OPEN-SCS is an initiative designed to enable implementation of efficient, flexible and scalable track & trace programs that can be seamlessly integrated across diversified serialization systems and intelligent devices by leveraging the use of global standards from GS1, ISA and OPC Foundation. Driven by pharmaceutical manufacturers and the serialization solution providers supporting them, the goal of the standard is to enhance interoperability across serialization activities and the systems performing these activities from the equipment level (L1) and packaging line (L2) to site operational management (L3) and enterprise serialization functions (L4).
The OPEN-SCS organization was founded by a noted group of global pharmaceutical manufacturers and serialization technology solution providers, including Abbott, Advanco, Antares Vision, OCS Checkweighers, Omron, Optel Vision, Roche, Systech International, TraceLink, Teva and Werum.
During the meeting, the workgroup continued detailed technical work in preparation for the release of the v1.0 OPEN-SCS standard, including complete user and functional specifications. In addition, the group collaborated on the following:
- Developing information models and testing plans for key use cases including serial number provisioning, unused serial number returns, master data exchange and serialization event reporting;
- Developing 2017 launch and market education plans for initial release of the standard;
- Defining subsequent phases and additional use cases for highly efficient, standardized data exchange between L2, L3 and L4 serialization layers.
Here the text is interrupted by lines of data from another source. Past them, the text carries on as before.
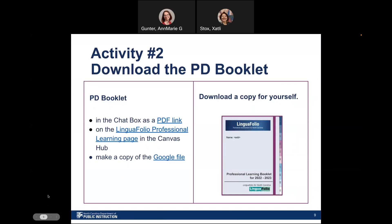For activity number two that we have today as you watch the recording, we want you to download the PD booklet so you can have your own copy and explore the different links and navigate this professional learning. We're going to share a document with all these links and you will be able to access and download the different versions. We have a PDF version, our professional learning page where you can explore more information about Linguifolio, and a link for you to make your own copy and start documenting all the information as you learn more about the biography components.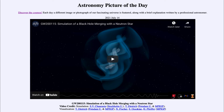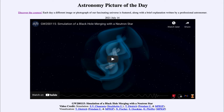It was detected by the LIGO and Virgo observatories, which are set up to look for gravitational waves. Gravitational waves were predicted by Einstein's theory of general relativity over a hundred years ago, but were not detected until just the last few years. It's only been the last five or six years that we've actually been able to detect these — LIGO and Virgo are two of the observatories that detect them.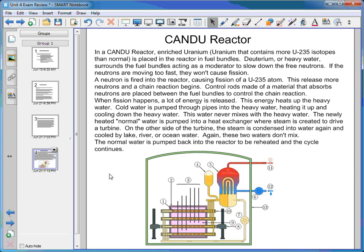The lake, ocean, or river water and the reactor water never mix — it's all a closed system, so no water that was ever in the nuclear reactor is pumped into the river. The steam that has been cooled back into water goes back into the reactor to pick up more heat, and the cycle continues. That's how the CANDU reactor works.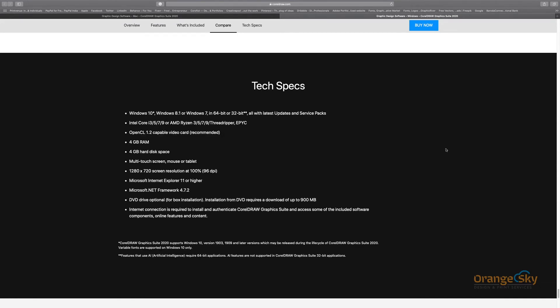For Windows, CorelDRAW 2020 requires Windows 10, 8.1, or 7 (64-bit or 32-bit) with the latest service pack, an Intel Core i3, i5, i7, or i9 or AMD Ryzen 3, 5, 7, or 9 processor, an OpenCL 1.2 capable video card, 4GB RAM, 4GB hard disk space, a 1280x720 screen resolution at 96 dpi, Microsoft Internet Explorer or higher, Microsoft .NET Framework 4.7.2, and an internet connection for activation. A DVD drive is needed for box installation.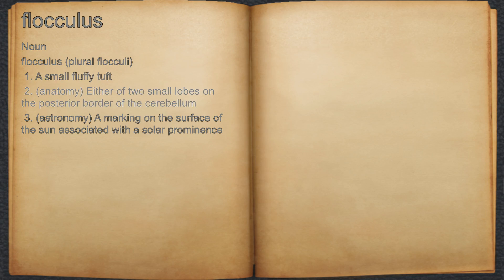2. Anatomy: either of two small lobes on the posterior border of the cerebellum.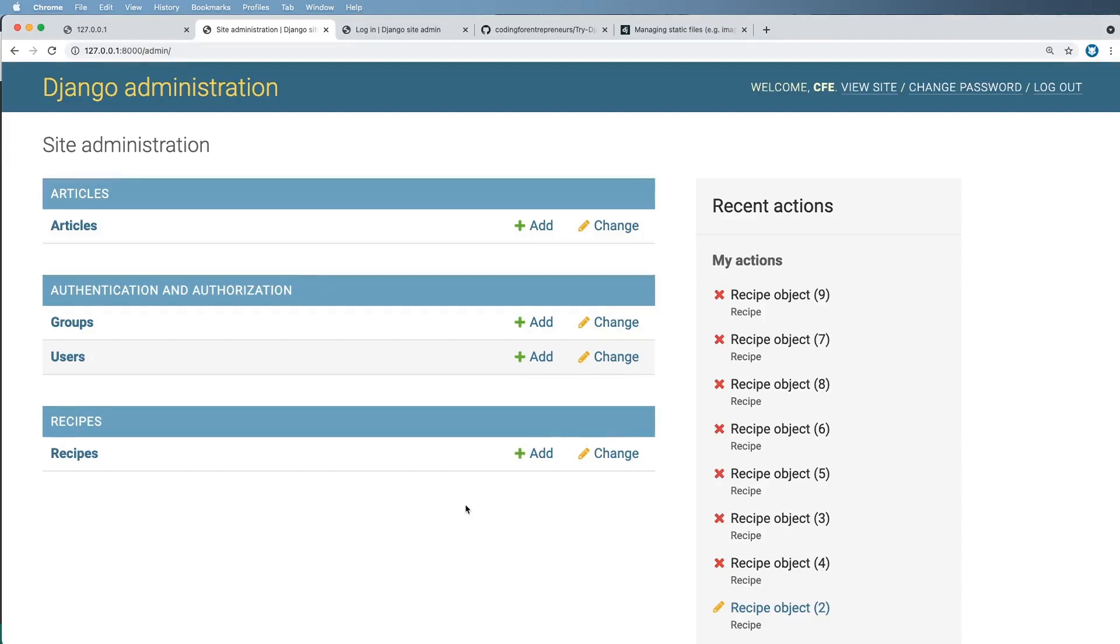Now we're going to talk about serving static files, that stuff like images, videos, external style sheets also known as CSS, and external JavaScript files.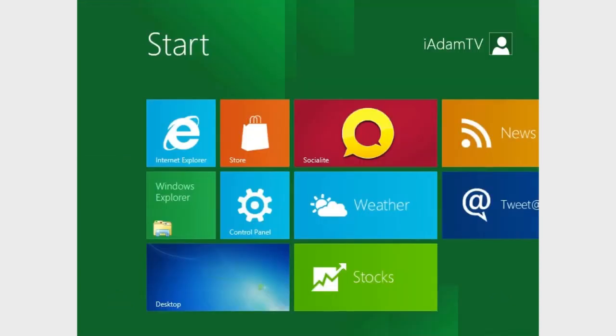So guys, this is the main screen on Windows 8. You can see here, it's a lot different than what we've ever seen before with Windows. It looks a lot like Windows Phone 7, which is Microsoft's mobile phone operating system. And it basically takes that, makes it larger, makes it side by side, and that's what you have.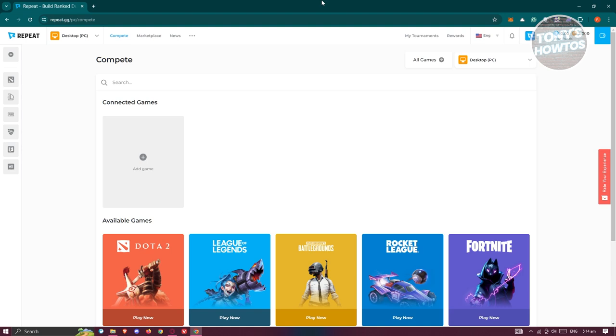The first thing you want to do is go to repeat.gg, log into your account, and access your main homepage.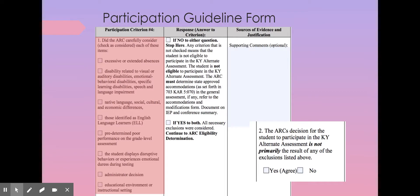Document which disability category applies and what was determined about whether it was an exclusionary factor for this student. If the student has a native language, social, cultural, or economic difference, document where you learned that, what tool showed you that data, and what your conversation was about whether it affects eligibility. If the student is identified as an English learner, shows predetermined poor performance on a grade-level assessment, displays disruptive behaviors or experiences emotional duress during testing, or if there is an administrator decision or education environment concern — carefully go through each question and document that you did not base the decision to participate on any of those descriptions alone.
“Discussions from our meeting at TraceLink headquarters were imperative in further advancing the v1.0 OPEN-SCS standard and determining plans and prototypes for the four different use cases for serialization that we are currently working on,” said Marcel de Grutter, Executive Director, Open-SCS and Liaison Regulatory and Government Affairs at Abbott. “As a collaborative group working towards the same goal of standardization and interoperability, we are well on-track to meet our goals for the year.”
Interoperability standards form an integral part of the TraceLink Life Sciences Cloud, the only secure and validated cloud solution with a proven network model designed specifically for life sciences companies. Built on the Amazon Web Services global cloud infrastructure, the Life Sciences Cloud supports a variety of widely adopted standards, such as GS1 EPCIS, designed to reduce risk and speed time to compliance for all members of the pharmaceutical supply chain.